Gürsel UZUN: Gazimağusa ilçe başkanlığı için adınız dün gün boyu kulislerde dolaşsa da diğer rakipleriniz de boş durmadı. Ha gayret…
Ziya EMİR: Dün az kalsın RHA plakalı bir araç arkadan bindiriyormuş size. Bir baksaydınız bakalım içinden kim çıkacaktı.
Orhan YILMAZ (Fıstık): Tavla derslerine dün devam ettik. Merak etme yakında okullar kapanacak. Bende o zaman sana müsaade edeceğim.
Mustafa GÖÇER (Çatlı): UBP’den Lefkoşa milletvekilliği için aday adaylığınızı ilan etmişsiniz ancak artık delege karar vermiyor. Liste hazırlanacak, bilmem anlatabildim mi? Gombinaya girmen gerekiyor.
Ali YÖENEL: Milli Eğitim Bakanlığı sayenizde çiçek gibi olmuş. Mevcut hali ile birçok bakanlıktan daha iyi bir duruma gelmiş. Ellerinize sağlık.
Osman UZUN: Bir kebap ısmarlayacağım dedin ortadan kayboldun. Tamam, kebaptan vaaz geçtik bir kahve olsun ısmarla.
Mehmet AMCA: Nenenizi kaybetmişsiniz, başınız sağ olsun. Merhumeye Allahtan Rahmet, geride kalanlara da sabırlar dileriz.
Ali BİZDEN: Dün gece sizin evde de çok gizli toplantılar yapılmış. Serdar Denktaş’ın evinden sonra şimdi de sizin ev gündeme gelecek desenize.
İzzet İZCAN: Seçim kokusu çıkınca sesiniz de çıkmaya başladı. Ne alemdesin yoldaş!
Metin ŞADİ: Sistem değişikliği diyorsunuz ama hangi siyasinin işine gelir ki bu değişim. Böyle gelmiş böyle gidecek korkarım dostlar..diyor şarkıda.

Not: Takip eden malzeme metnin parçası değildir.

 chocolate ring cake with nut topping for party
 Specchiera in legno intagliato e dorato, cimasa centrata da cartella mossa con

Hasan TOSUNOĞLU: KTİMB’ye adaylığınızı açıklamışsınız. Şimdiden hayırlı ve uğurlu olsun. Cumartesi günü çekişmeli bir seçim olacak gibi gözüküyor.
Şener ELCİL: Geçtiğimiz günlerde AB’den 16 devletin sendika temsilcilerini KKTC’de ağırlamışsınız ve onlara KKTC yemekleri ile folklor oyunlarını sergilemişsiniz.

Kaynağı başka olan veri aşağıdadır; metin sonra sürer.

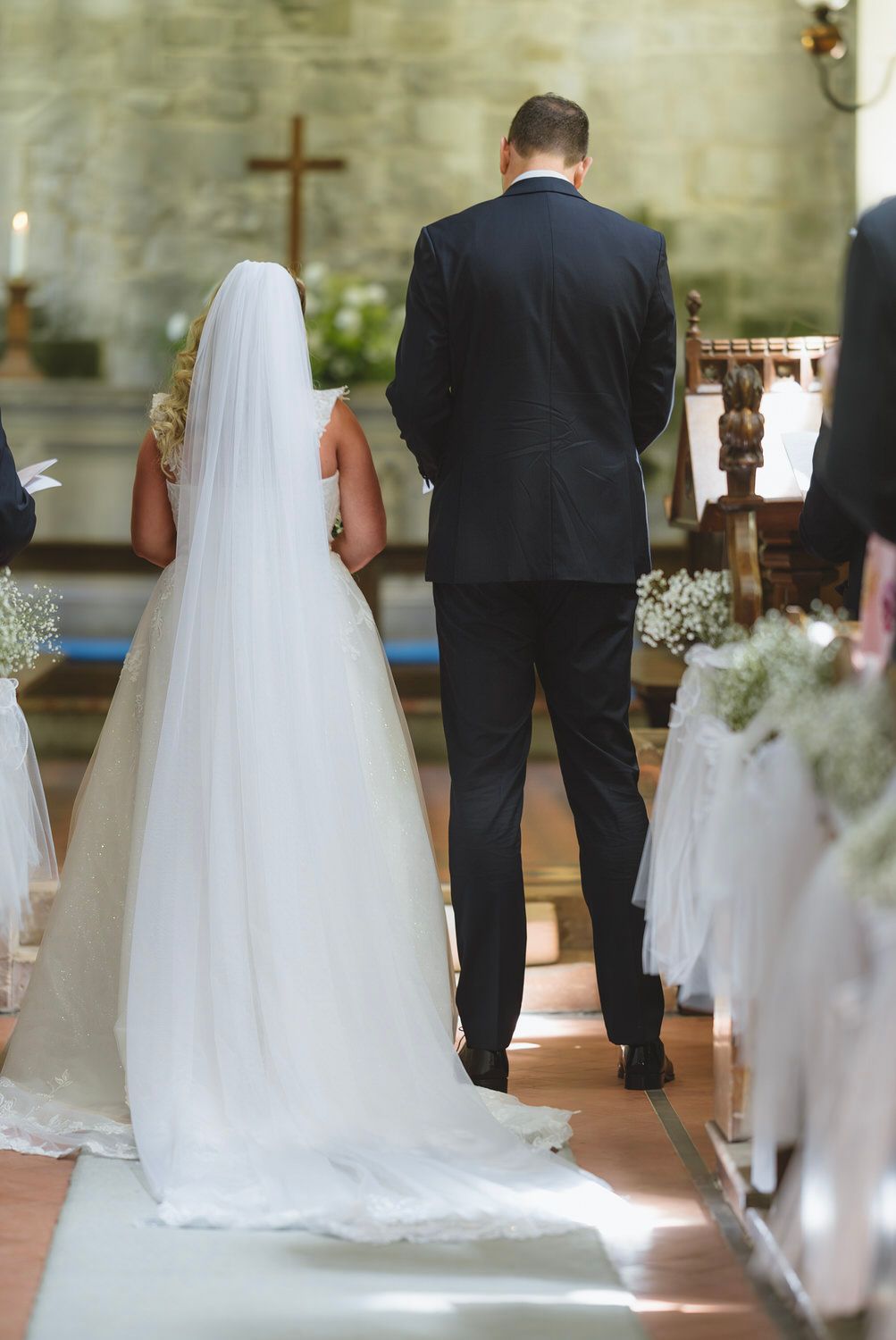 Bride and groom standing at church altar during wedding ceremony, viewed from behind, with cross and floral decorations.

Başkası olsa KKTC’yi tanıttım derdi ama sizden hiç ses çıkmadı.
Ümit ÖZKIRAN: Dün sabah sessiz sedasız gelmişsin ve gitmişsin. Neyse seçimler zaten kapıda. Artık Lefkoşa’dan Karpaz’a taşınmanın da vakti gelmişti.
Selim GÖKBÖRÜ: Girne ilçe başkanlığı için sizinde adınız geçmiş olsa yaptığınız görev nedeni ile bundan vaaz geçilmiş. Herkes dürüstlüğünüze güveniyor demek ki.

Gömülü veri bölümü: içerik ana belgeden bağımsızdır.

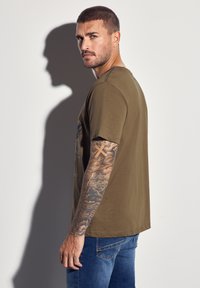 Olivově zelené bavlněné tričko s krátkým rukávem, na přední straně s grafickým designem. Nosené s modrými džíny. Tetování viditelné na paži.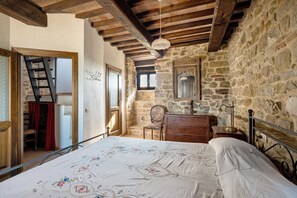 A bedroom with a stone wall, wooden beams, a bed with a floral bedspread, a dresser, a chair, and a ladder leading to a door.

Kenan UZUN: Hükümetin düşmesi durumunda adınız teknokrat kabinede anılmaya başlandı bile. Ama seçim hükümeti olacağından müdür ve müsteşar ataması yapamayacaksınız. Ben gönüllü gelirim size. Zaten alıştık gönüllü iş yapmaya..
Ahmet İZZİ (Çetinkaya):Toprak ürünleri kurumunda ilk kez bu kadar yatırımlar yapılmış ama gelin görün ki seçim geldi kapıya dayandı. Şimdi köylü sizden memnun mu değil mi belli olacak.
Mehmet CEYLANLI: İlçe seçiminden sonra derin bir sessizliğe büründünüz. Umarız küslüğünüz biran önce geçer. Bir dondurma ısmarlayabiliriz ilçenin altında.
Memduh ÇETO: Makarna bulli partilerinin devamının gelmediğinden şikâyet ediyor bazı arkadaşlar. İleteyim istedim.
GÜNÜN SÖZÜ
“Bu aşamada meclise verilen güvensizlik önergesi onaylansa bile UBP hükümeti kâğıt üzerinde düşecektir. 28 Temmuz’a kadar başka bir hükümet kurulamayacağı için İrsen Küçük Başbakanlığındaki kabine seçime kadar çalışmalarına devam edecektir. CTP yönetimi İrsen Küçük’e rüyasında görse inanmayacağı büyük bir seçim hediyesi vermiştir. Başbakan İrsen Küçük CTP’ye ne kadar teşekkür etse azdır. Dolayısı ile CTP yönetimi halkı kandırmaktan vazgeçsin”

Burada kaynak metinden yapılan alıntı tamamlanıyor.